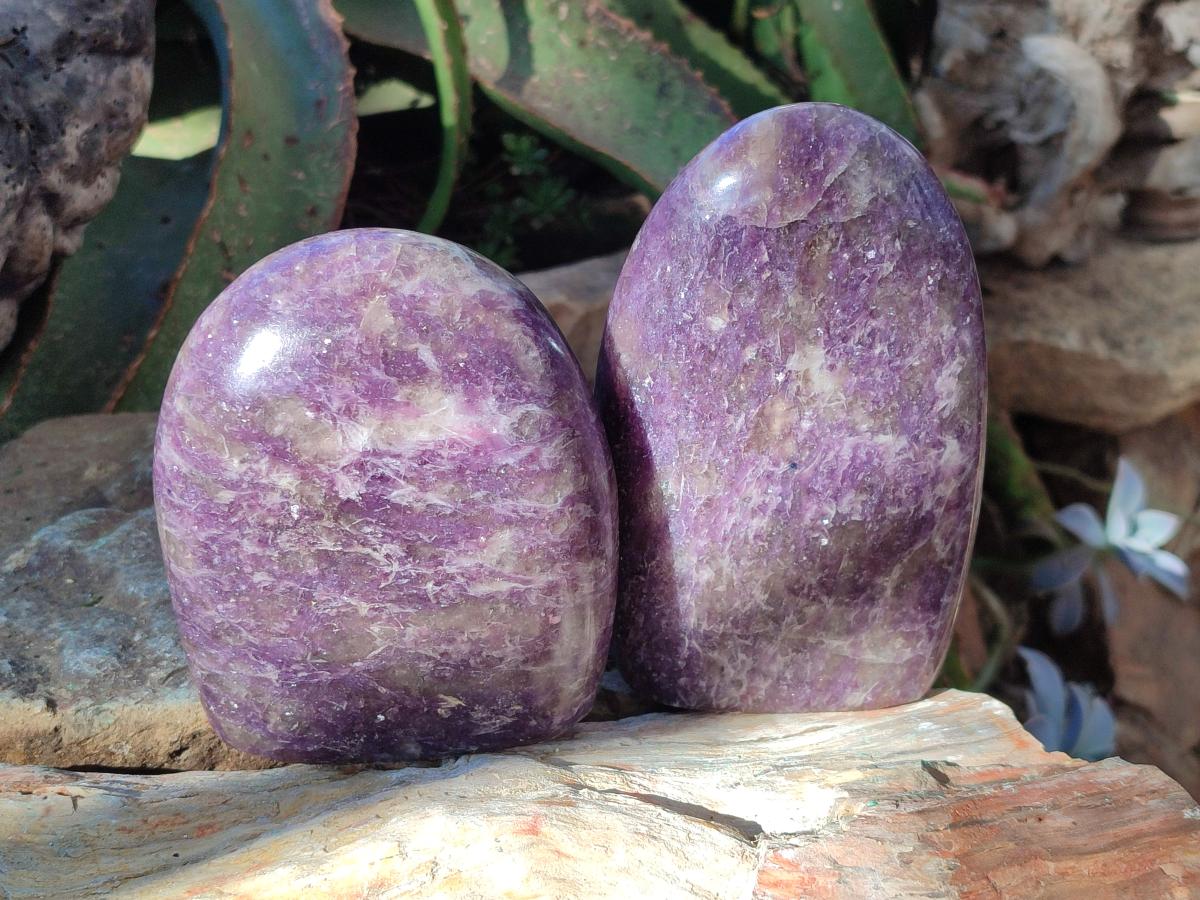 Polished Lepidolite Standing Display Pieces x 2 From Ambatondrazaka, Madagascar - Toprock Gemstones and Minerals 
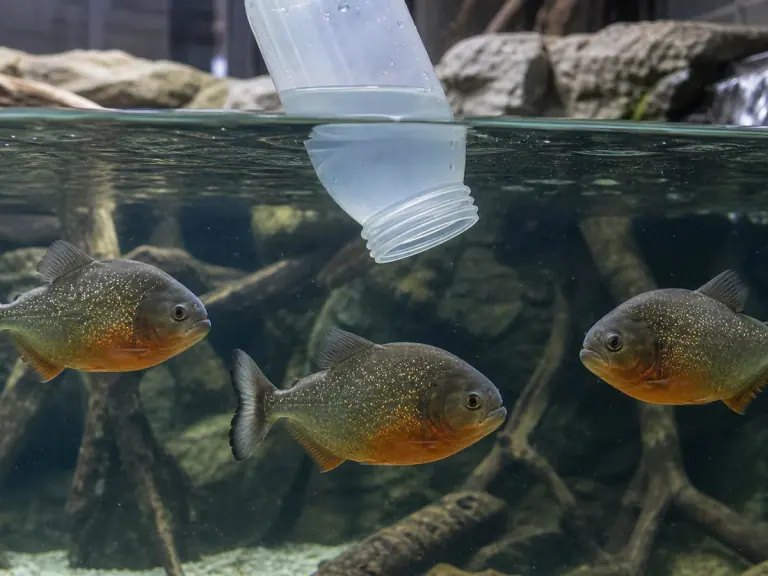 Aquariums publics : ce que le microbiome de l’eau peut signaler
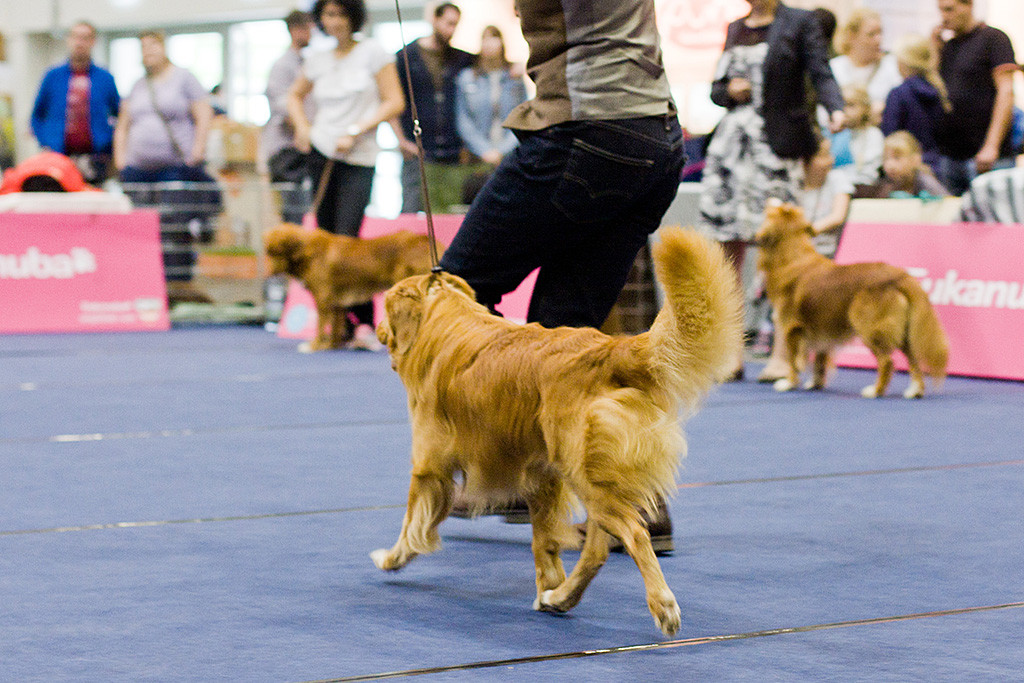 Edison bei der Gangwerkprobe auf den Richter zu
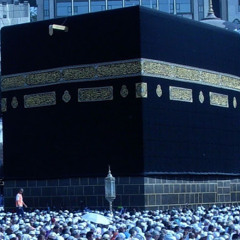 N Yusaf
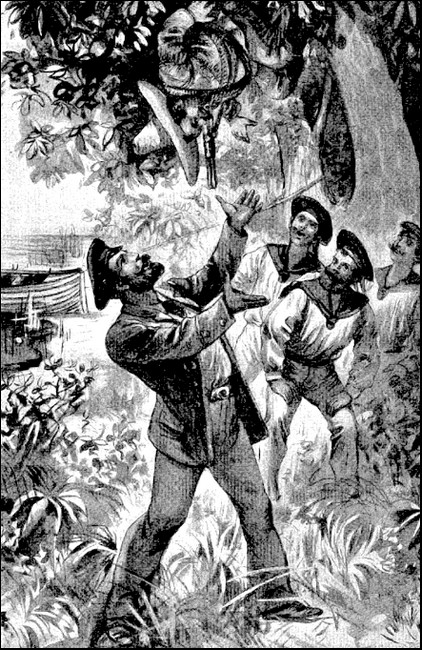 Illustration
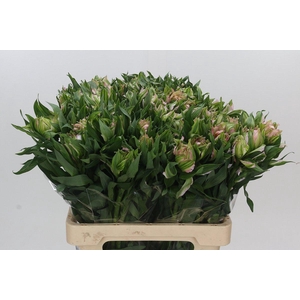 Alstroemeria Astronova Thabit
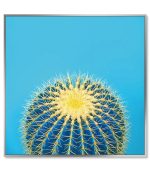 Framed Acrylic Pictures - Cactus (Set of 3) - Left Picture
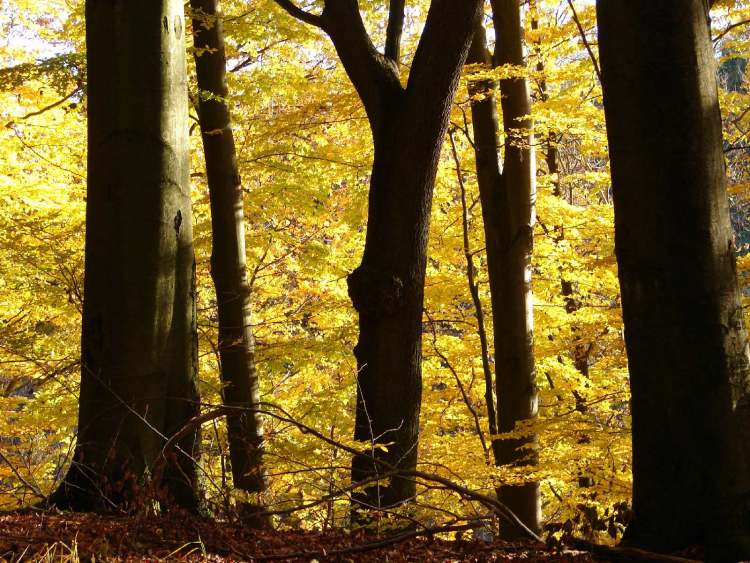 Buchen in Herbststimmung (Bitte hier klicken um dieses Bild in seiner vollen Größe zu betrachten)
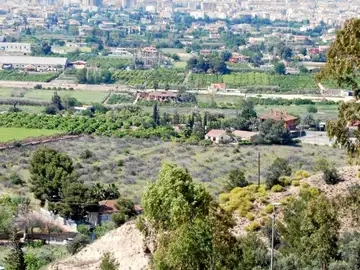 Imagen panorámica de la huerta murciana Imagen panorámica de la huerta murciana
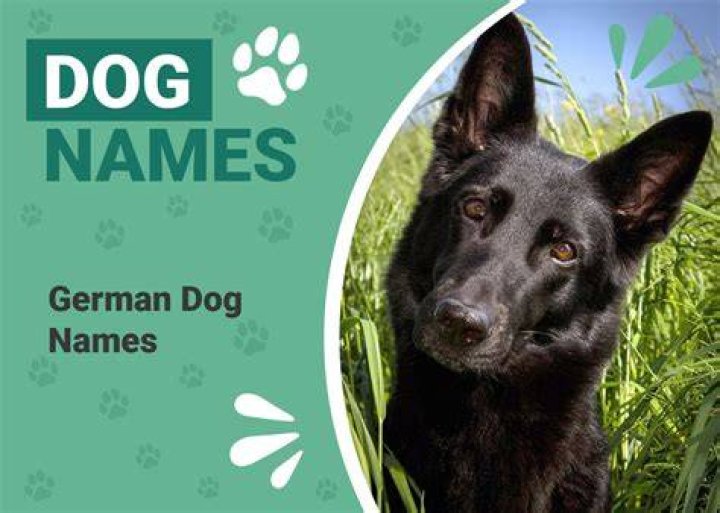 500+ German Dog Names With Meanings: Interesting Male & Female Ideas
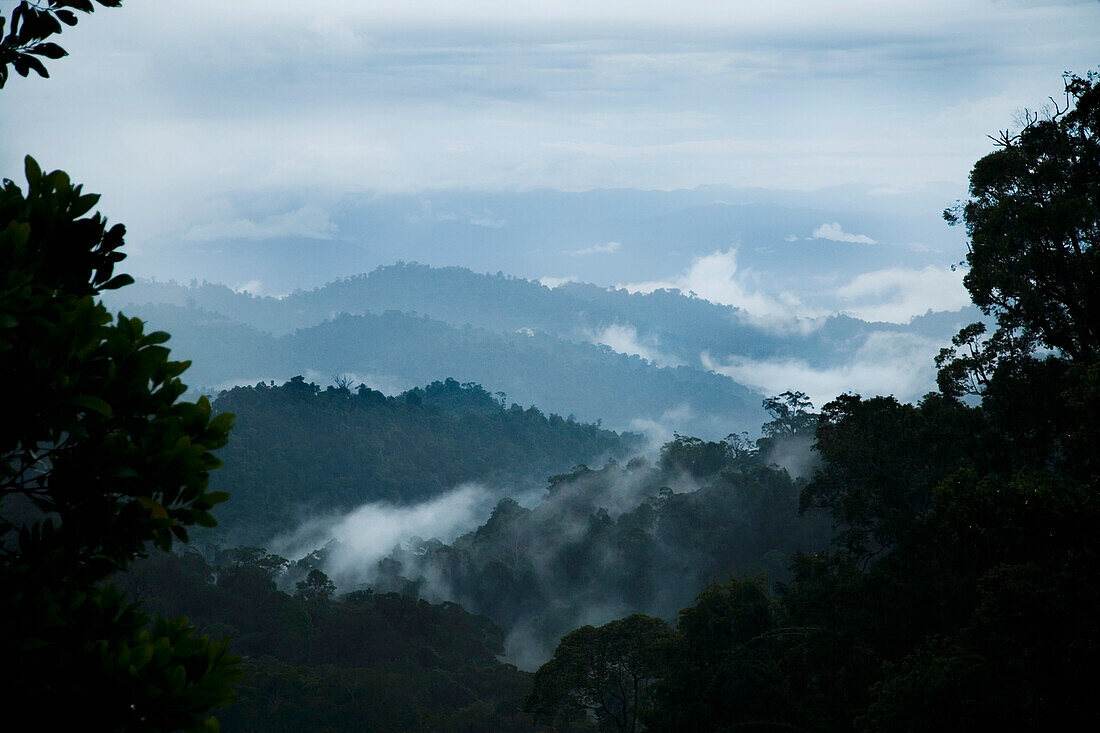 Malaysia, Ost-West 4 Autobahn; Perak, Dampf steigt von Bäumen im Dschungel in der Abenddämmerung auf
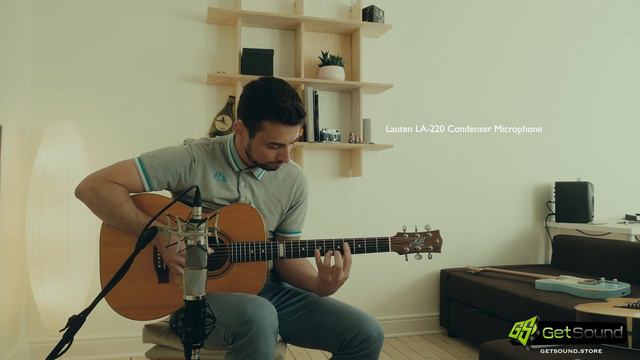 Lauten Audio LA 220 vs Neumann TLM 102 comparison смотреть онлайн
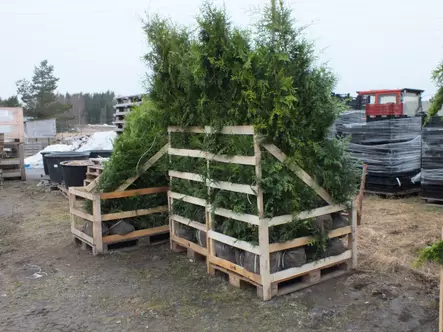 Ennakkotuija paakku Brabant 150-175 - Tuijat - AB10010010310 - 2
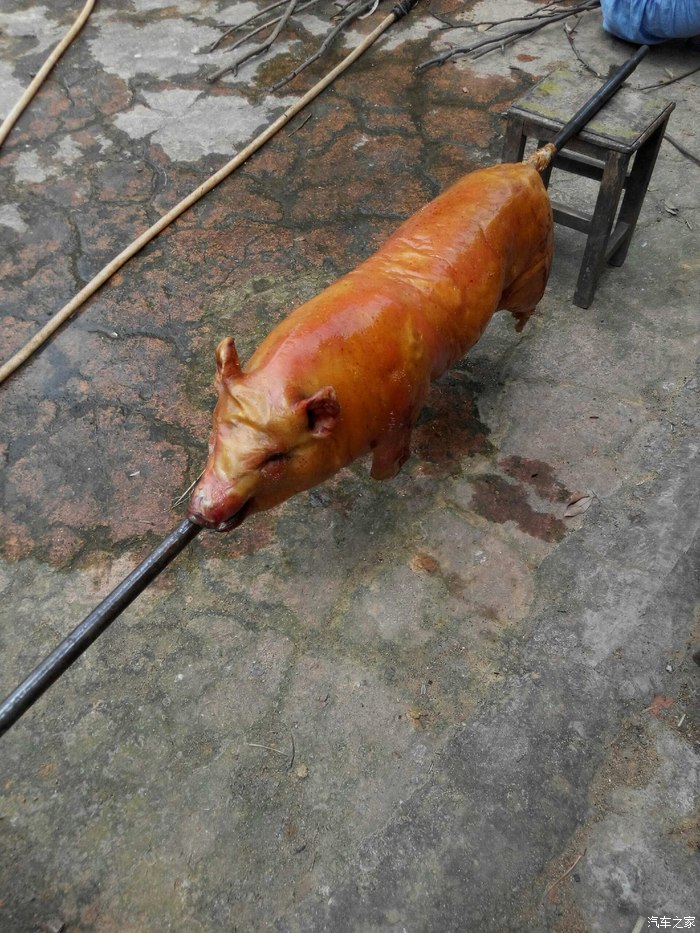 清明明江烤猪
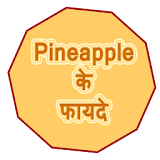 Pineapple ke fayde icon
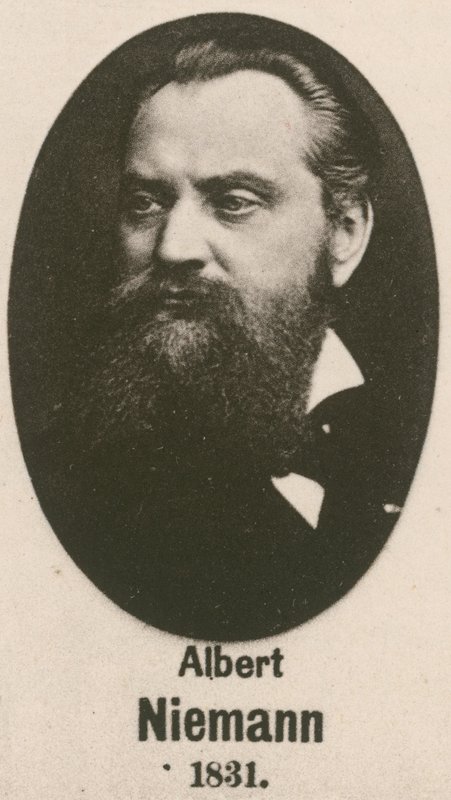 Albert Niemann by English School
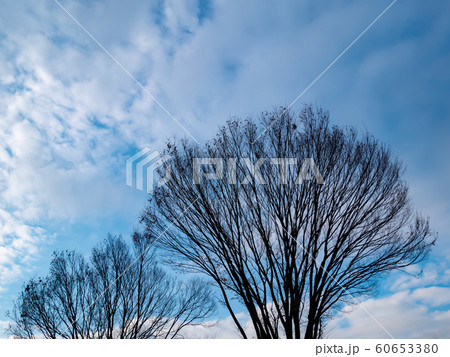空を仰ぐ冬枯れの大樹　a 60653380
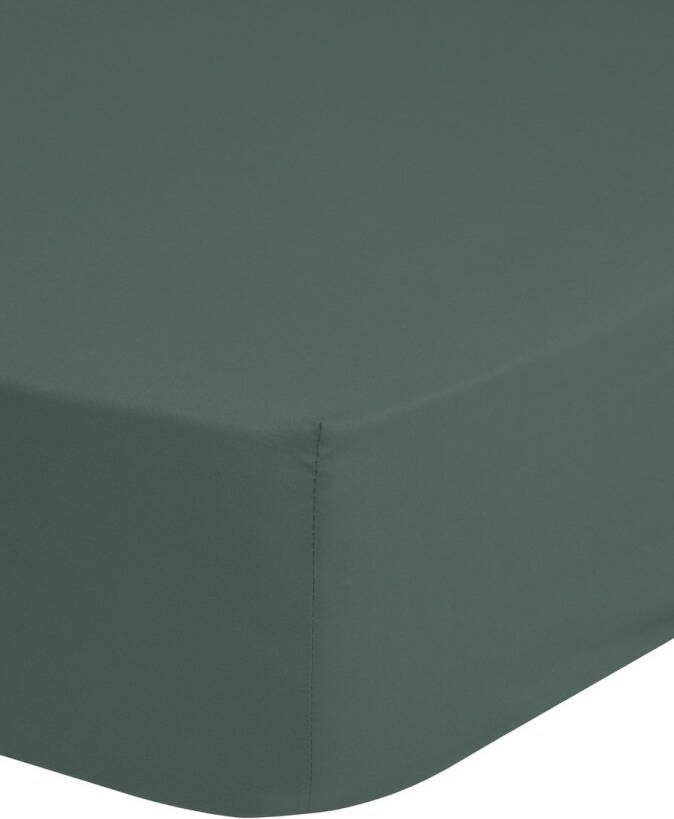 Good morning Hoeslaken Renforcé Junior Katoen Renforcé Baby Volledige elastiek tot 20 cm hoogte 60x120 Wit (1 stuk)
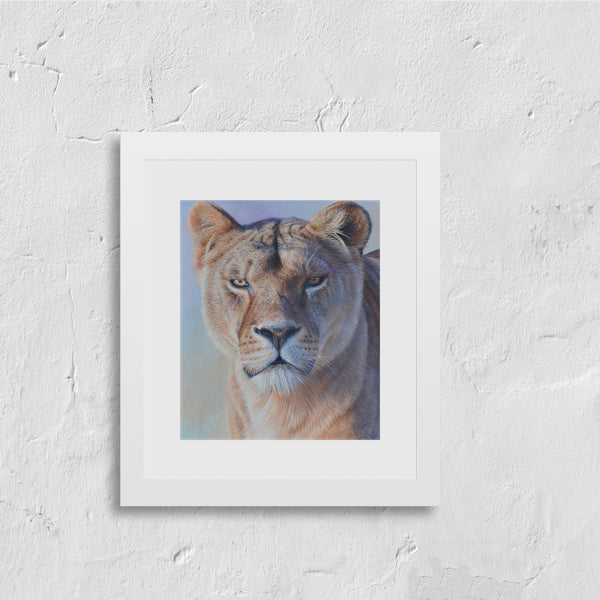 Sam Dolman Freya Lion Fine Art, White frame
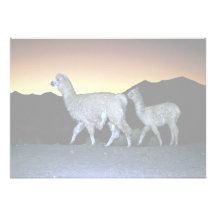 Lama's bij zonsondergang uitnodigingen
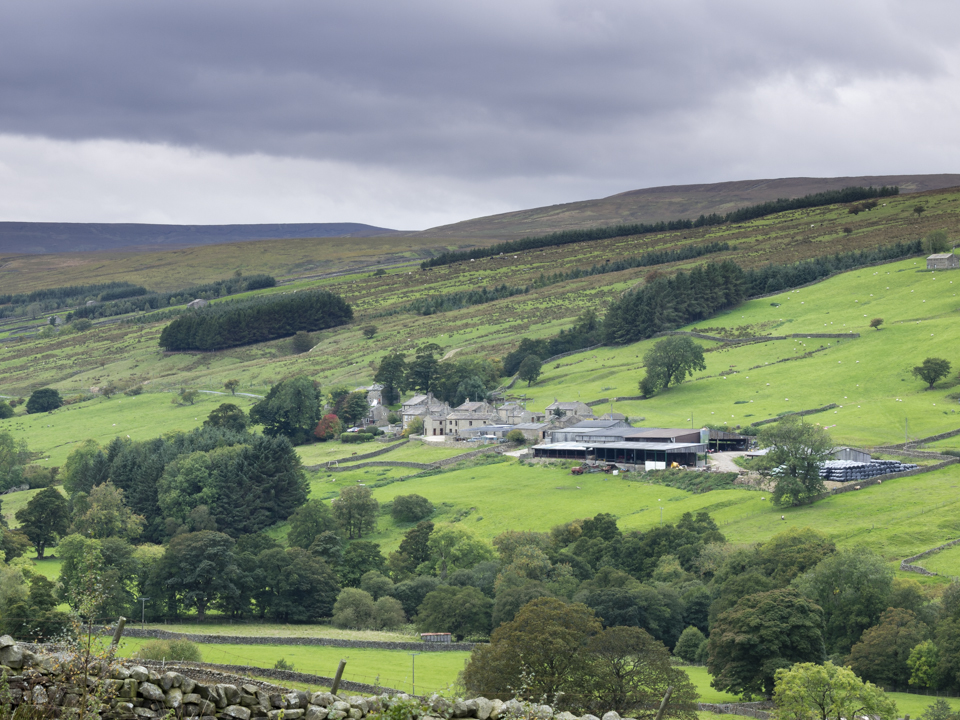 Braidley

-------------------------

• _EXERCISE PROMPT_
Starting from the line where "Framed Acrylic Pictures" appears, copy every line through the end of the material, both ends included, but no pictures.

• _PROBLEM SOLUTION_
 Framed Acrylic Pictures - Cactus (Set of 3) - Left Picture
 Buchen in Herbststimmung (Bitte hier klicken um dieses Bild in seiner vollen Größe zu betrachten)
 Imagen panorámica de la huerta murciana Imagen panorámica de la huerta murciana
 500+ German Dog Names With Meanings: Interesting Male & Female Ideas
 Malaysia, Ost-West 4 Autobahn; Perak, Dampf steigt von Bäumen im Dschungel in der Abenddämmerung auf
 Lauten Audio LA 220 vs Neumann TLM 102 comparison смотреть онлайн
 Ennakkotuija paakku Brabant 150-175 - Tuijat - AB10010010310 - 2
 清明明江烤猪
 Pineapple ke fayde icon
 Albert Niemann by English School
空を仰ぐ冬枯れの大樹　a 60653380
 Good morning Hoeslaken Renforcé Junior Katoen Renforcé Baby Volledige elastiek tot 20 cm hoogte 60x120 Wit (1 stuk)
 Sam Dolman Freya Lion Fine Art, White frame
 Lama's bij zonsondergang uitnodigingen
 Braidley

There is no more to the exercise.